Pese a que, de tan recurrentes, los exabruptos de nuestros políticos pasan ya desapercibidos, me pasmaron las declaraciones de Pablo Casado al denunciar como aquelarre radical el acto organizado en Valencia por Yolanda Díaz, en el que también participaron Mónica García, Ada Colau, Mónica Oltra y Fátima Hamed, con la finalidad última de articular un espacio a la izquierda del PSOE. Una iniciativa que puede gustar más o menos, pero que forma parte de la normalidad democrática, es vista por el líder del PP como una reunión demoníaca de brujas.

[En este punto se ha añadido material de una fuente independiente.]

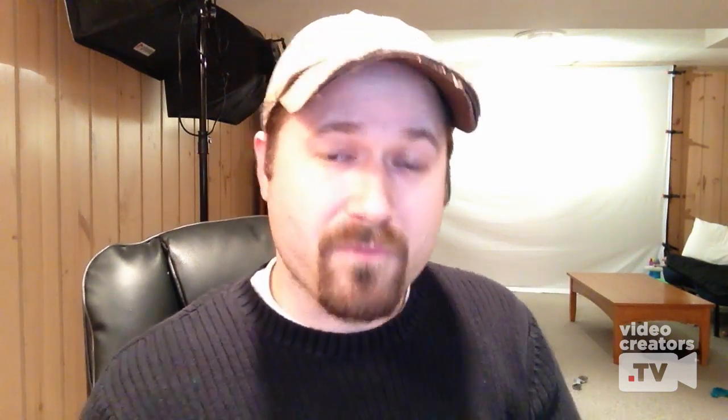If you scroll down towards the bottom, you can see exactly what different types of ads are doing and how they're performing.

Uno siempre puede pensar que se trata de una grosería sin más, consecuencia de un momento de excitación en un acto de partido en Puertollano o que, incluso, ni tan siquiera sabía con precisión qué es un aquelarre. Pero me temo que ni una cosa ni otra, pues el popular se reafirmaba en lo que había sido una expresión previa de su secretaria general en Valencia, María José Catalá, y, además, argumentaba el porqué de ese símil brujeril: se juntaron quienes “pactan con independentistas en Cataluña, tapan casos de abusos a menores en Valencia y, pese a ser feministas, se dedican a explotar a niñas en Baleares, a explotar niñas en Valencia, a taparlo y a llevarlas esposadas a declarar ante el juez”.
Cuesta de entender tamaña vulgaridad en la vida pública, aún más si proviene del líder del primer partido de la oposición, que se autodefine como una opción de centro derecha moderada, preocupada por el auge de populismos de todo signo. Tres consideraciones.

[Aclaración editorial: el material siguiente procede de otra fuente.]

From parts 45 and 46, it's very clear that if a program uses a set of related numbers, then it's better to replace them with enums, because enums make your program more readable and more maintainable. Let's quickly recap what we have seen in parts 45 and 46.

La primera, estamos ante una muestra del verdadero riesgo de nuestra democracia, que no son los radicales. El riesgo no es Vox, es que el PP haga suyo el discurso y las actitudes de los de Santiago Abascal. Ya sea por tacticismo, por incapacidad de generar un discurso propio y centrado o porque, en el fondo, las diferencias entre unos y otros quizás sean poco más que simbólicas. La segunda, es cómo se queda uno de estupefacto cuando no se alza ninguna voz, desde las propias filas conservadoras, o su entorno, criticando las declaraciones. La radicalidad del momento impide el mínimo asomo de autocrítica, ya sea en el PP, el PSOE o cualquier otro partido.
Y, finalmente y lo más grave, resulta incomprensible cómo no entendemos la trascendencia del momento que vivimos. Bajo la apariencia de una cierta normalidad, las fracturas sociales son enormes, la democracia representativa se halla asediada y la convivencia puede quebrarse en cualquier momento. Estamos ante un escenario similar al de hace 70 años, cuando la sintonía entre las dos grandes corrientes, democristiana y socialdemócrata, facilitó un nuevo contrato social que, despedazado, conviene renovar como sea. Hoy, de entender la gravedad de las circunstancias, no nos dedicaríamos a ese concurso de sandeces. De unos y otros, evidentemente. Pero, sin duda, esta semana quien ha estado a la altura del macho cabrío propio de los aquelarres ha sido el líder del Partido Popular.